Thursday, 7 May 2015

Cameron, Lord Freud & IDS

Rethink +20 Campaign
I am wondering by now how many of you will know me as the 'cretin' or 'riffraff' who's smeared David Cameron's good name and insulted him personally.  I'm also wondering how many of you will know me as a highly effective peer worker and mental health service user of 20 years.  Mine is a diagnosis of long standing and complex schizophrenia.  And for those of you who don't understand or choose not to understand, I do so humbly suggest that you look into schizophrenia but also look into recovery in mental health.  Where a diagnosis like mine was once a death sentence, the mental health system is slowly starting to crawl out of the dark ages as Care Minister, Norman Lamb, so nobly puts it in his charge to eliminate prejudice and bigotry towards a small group of we who are indeed the hardest hit in terms of David Cameron's 'austerity measures' and Iain Duncan Smith's 'welfare reforms'.

As to my own actions of two years ago, I have written my apologies.  If Mr. Cameron would like to publish them, that is up to him, otherwise I leave them to his personal criticism or deliberation.  I cannot however forget how many of we on DLA have in fact died as a result of the welfare reforms.  One only needs to view the Black Triangle Campaign to see where the real problems lie.  Physical disabilities are among those better accounted for, as rightly they should be accounted for.  Mental health, however, goes woefully under-represented and is soon to be not represented.

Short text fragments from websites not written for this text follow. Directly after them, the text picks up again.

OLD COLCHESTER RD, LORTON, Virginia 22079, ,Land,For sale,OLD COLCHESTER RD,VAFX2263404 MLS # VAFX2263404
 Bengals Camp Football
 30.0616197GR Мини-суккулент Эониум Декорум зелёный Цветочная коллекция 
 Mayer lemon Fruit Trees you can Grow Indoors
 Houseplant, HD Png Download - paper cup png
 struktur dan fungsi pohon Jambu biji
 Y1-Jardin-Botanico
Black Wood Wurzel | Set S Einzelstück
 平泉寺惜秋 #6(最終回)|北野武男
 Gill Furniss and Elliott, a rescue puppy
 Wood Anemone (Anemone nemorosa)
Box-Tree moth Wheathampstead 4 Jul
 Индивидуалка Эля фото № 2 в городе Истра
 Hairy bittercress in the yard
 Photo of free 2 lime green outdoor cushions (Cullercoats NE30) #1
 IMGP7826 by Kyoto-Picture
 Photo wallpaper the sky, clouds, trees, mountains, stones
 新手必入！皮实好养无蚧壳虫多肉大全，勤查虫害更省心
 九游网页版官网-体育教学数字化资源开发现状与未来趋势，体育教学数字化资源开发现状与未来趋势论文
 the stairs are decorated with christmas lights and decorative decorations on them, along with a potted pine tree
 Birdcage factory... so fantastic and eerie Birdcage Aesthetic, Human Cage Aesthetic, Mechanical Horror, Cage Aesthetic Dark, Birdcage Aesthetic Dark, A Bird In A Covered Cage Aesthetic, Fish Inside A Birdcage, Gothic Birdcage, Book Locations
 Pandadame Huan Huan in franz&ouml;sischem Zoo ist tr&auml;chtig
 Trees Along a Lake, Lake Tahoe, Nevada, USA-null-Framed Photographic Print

Upon the reshuffling of the DWP Cabinet Minister roles, after Mark Hoban leaving the DWP, Esther McVey's role as to "mental health" was the only one not reasonably accounted for.  As for what happened to Mark Hoban, I'd be interested to find out.  He was defending the DWP at a debate in the House of Commons after which a pernicious Labour MP implored Mr. Hoban to hear from the Spartacus Group surrounding the Atos WCA scandal and he then mysteriously vanished from the face of the DWP website.  I like to think he had a change of heart.

As for our NHS, all I can say is that none of us are well accounted for by statutory mental health services currently, perhaps because we are simply the easiest to ignore.  Many of us who present frequently to primary services simply are those among the lost, the unwanted children of our day and age the world over.  There's very little to link to this paragraph, simply because we are normally the silent and at times the silenced.  You may all Google this one yourselves and see what you can come up with.  And perhaps you all might want to drop Lord Freud a line and ask him why he moved out of the DWP Cabinet Ministers before the "reforms" happened in and why he got his knighthood in the first place!

Know that we are the first to go.  The first NHS services to be cut are always mental health.  Psychiatric nurses are shunned by other nurses and the Mental Health Act 1983, particularly after its radical amendment in 2007, account for naught but legalities which are either unfounded or unnecessary.  Compassion is finally on the menu with the NHS and the right things are starting to happen... but where necessity is the mother of all invention it's taken a full scale humanitarian crisis to reach a new evolution for mental health services in our country.

And as for my final message to Prime Minister David Cameron; I truly am sorry about your son of no more than 5 years.  Any death is tragic when it is untimely... but how many more do there need to be for you to do more than you are doing?  Perhaps let Nick Clegg loose on this one.  He needs his say, as well, when we're hearing very little out of him.  There will be more deaths to follow.  I have been almost one of those statistics myself on a number of occasions... and those times were not always by choice -- in fact, rarely.

If you do not believe that the phenomenon of psychosis and major mental illnesses is based solely on intensified states of fear then I challenge any of you to gain access to any given acute psychiatric inpatient ward and see for yourself.  We may come in unruly but we leave civilly.  It has been my observation that you see patients at their best and at the worst on an acute hospitalisation... and much of the time in the same breath.  I know, I've been hospitalised 8 times in my life, but never on a Section 3, but I shall leave these considerations to you, the reader.

(Whomsoever changed my avatar on a forum I barely remember accessing at a time of profound psychosis... thanks a lot for picking about the worst picture of me going.  And also, cheers for extra stress, Mr. Smith, it's certainly done a good job of creating even more barriers to work, for me, than ever before.)